◆ **Task prompt**:
No pictures, everything else exact: set down the entries in full.

◆ **Given entries**:
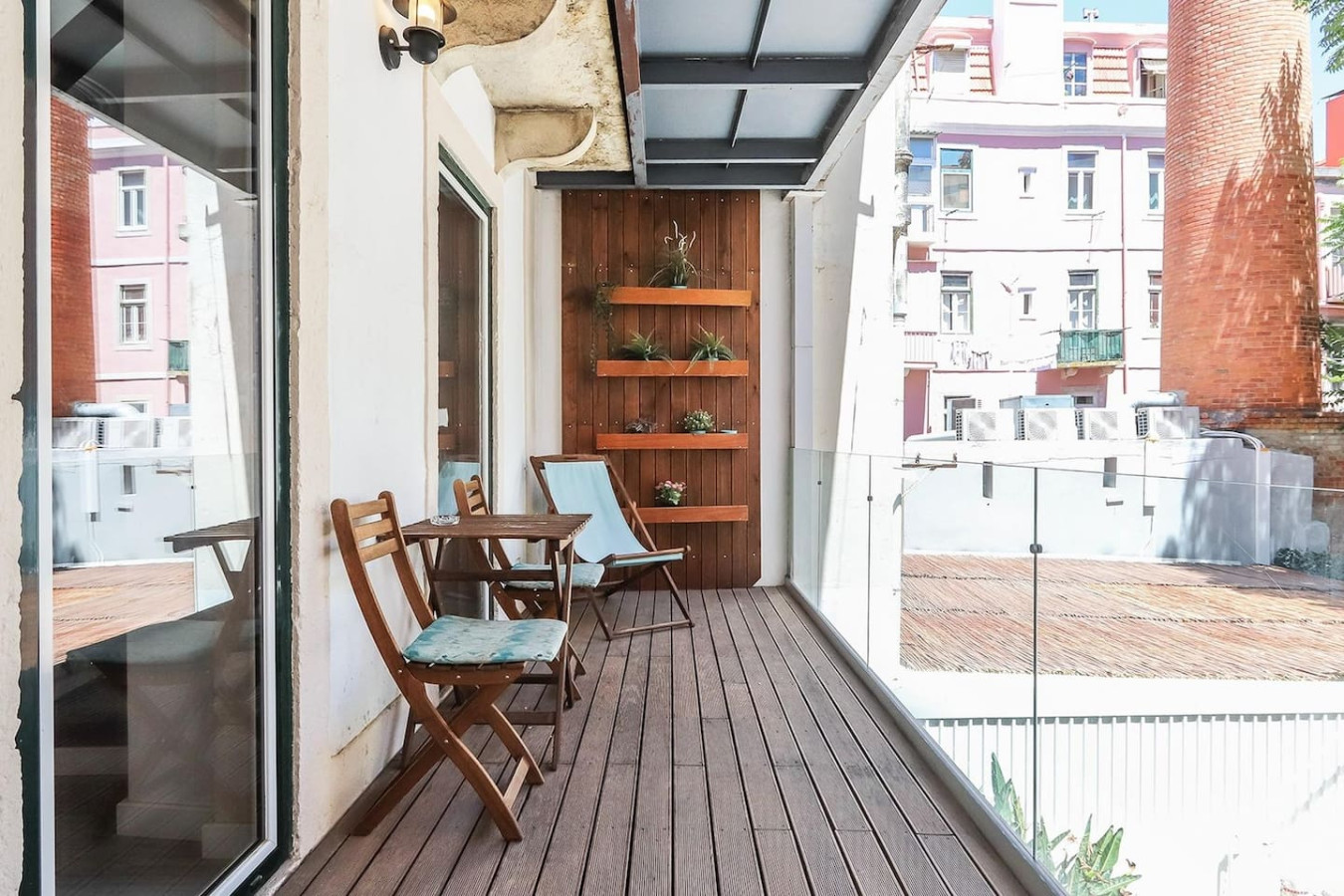 Liberdade Stylish Apt with Balcony – photo 2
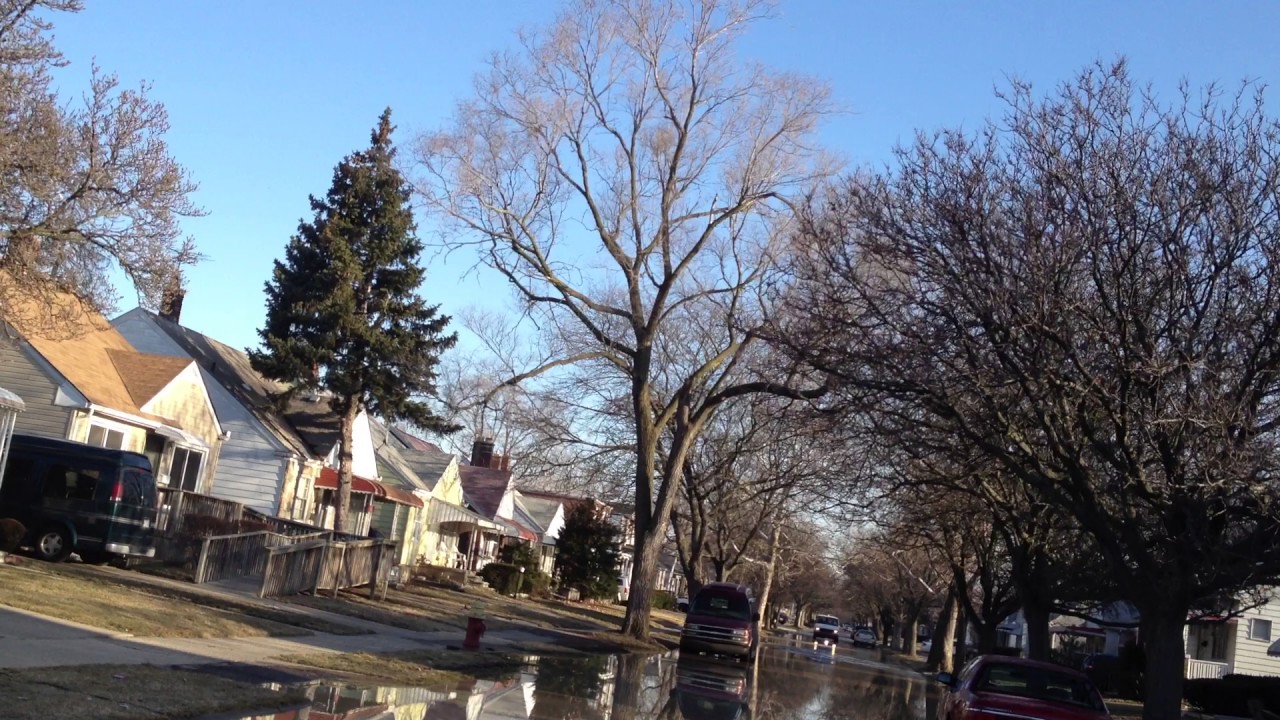 Huge Water main break in Detroit - YouTube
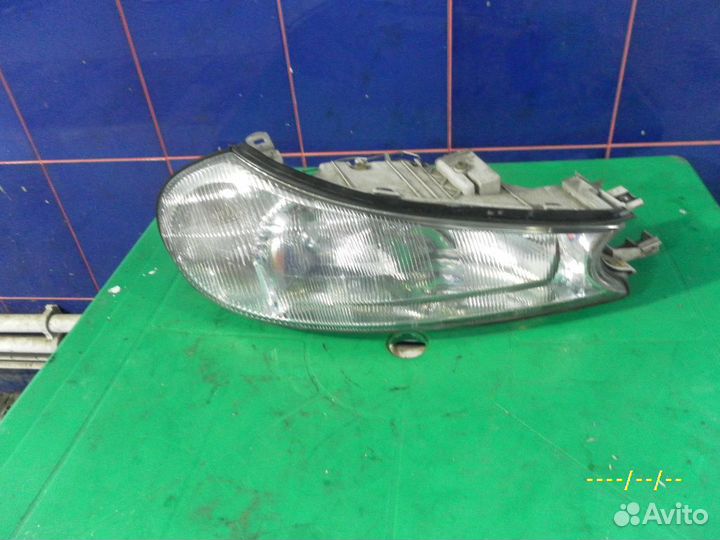 Фара правая Ford Mondeo 2 Форд Мондео 2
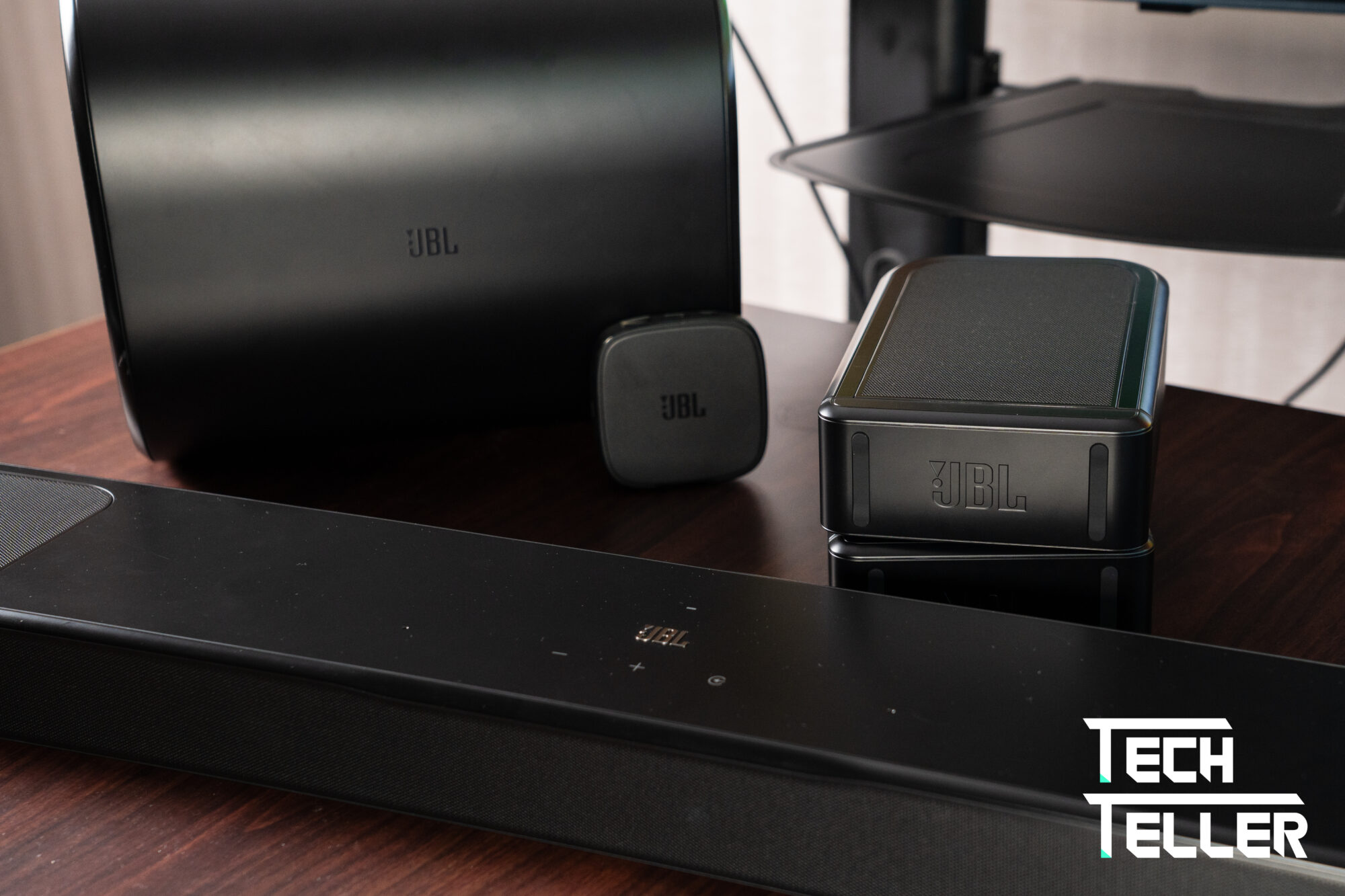 開箱JBL BAR 1300MK2 旗艦聲霸:11.1.4 聲道無線黑科技,打造頂級家庭劇院! 19 開箱JBL BAR 1300MK2 旗艦聲霸:11.1.4 聲道無線黑科技,打造頂級家庭劇院! 36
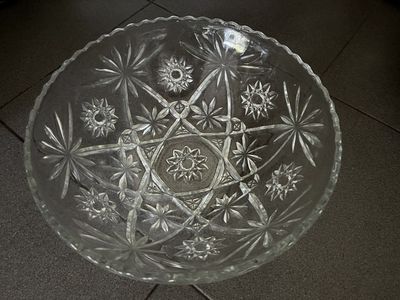 Decorative glass bowl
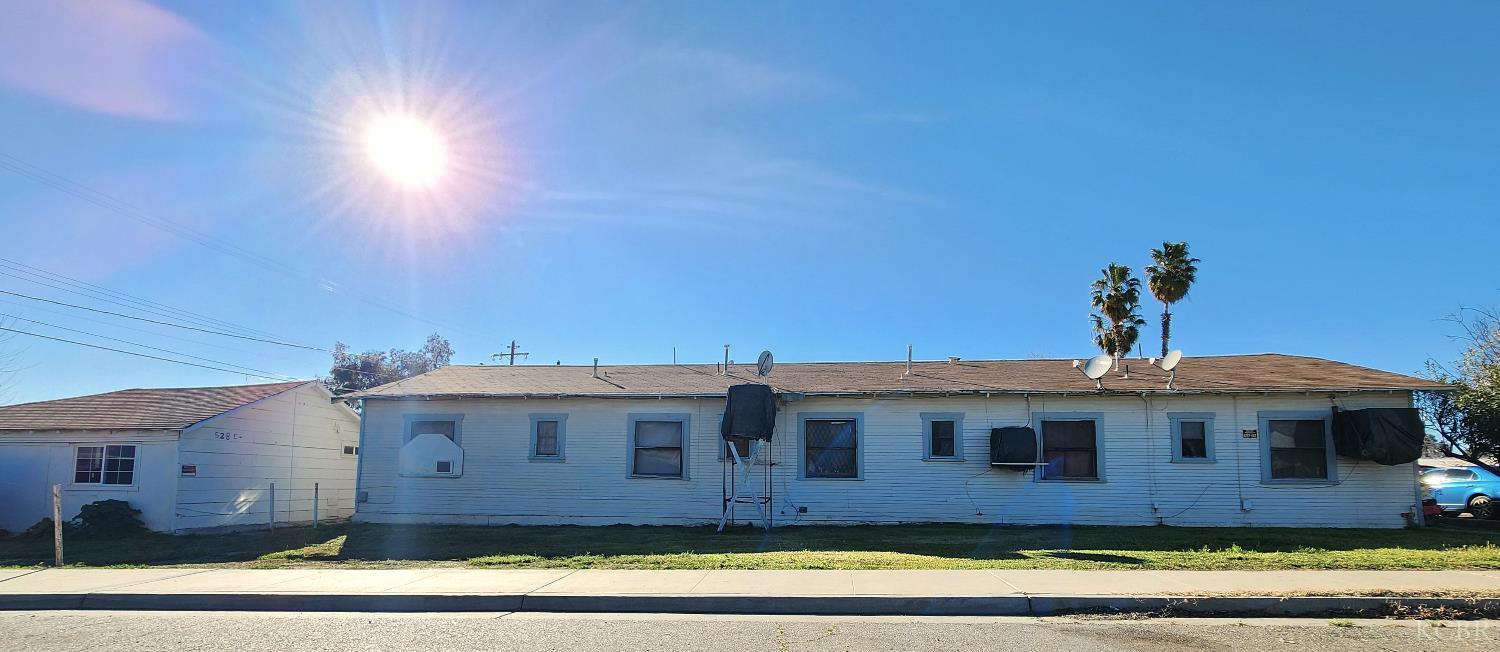 524 E Fresno St, Avenal, CA 93204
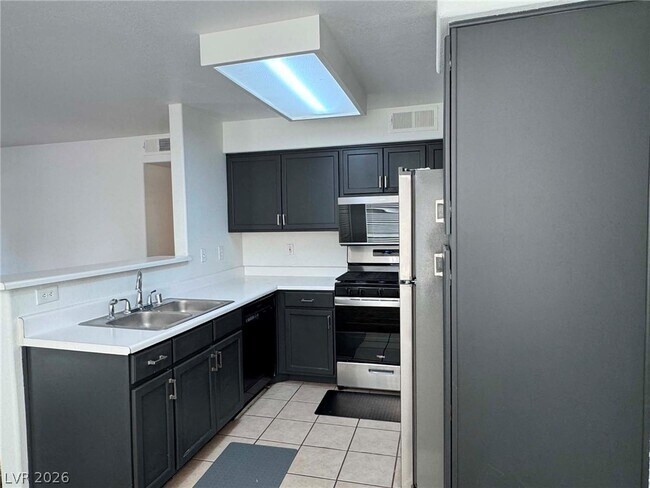 Photo - 3115 Casey Dr Unit 201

◆ **Final answer**:
 Liberdade Stylish Apt with Balcony – photo 2
 Huge Water main break in Detroit - YouTube
 Фара правая Ford Mondeo 2 Форд Мондео 2
 開箱JBL BAR 1300MK2 旗艦聲霸:11.1.4 聲道無線黑科技,打造頂級家庭劇院! 19 開箱JBL BAR 1300MK2 旗艦聲霸:11.1.4 聲道無線黑科技,打造頂級家庭劇院! 36
 Decorative glass bowl
 524 E Fresno St, Avenal, CA 93204
 Photo - 3115 Casey Dr Unit 201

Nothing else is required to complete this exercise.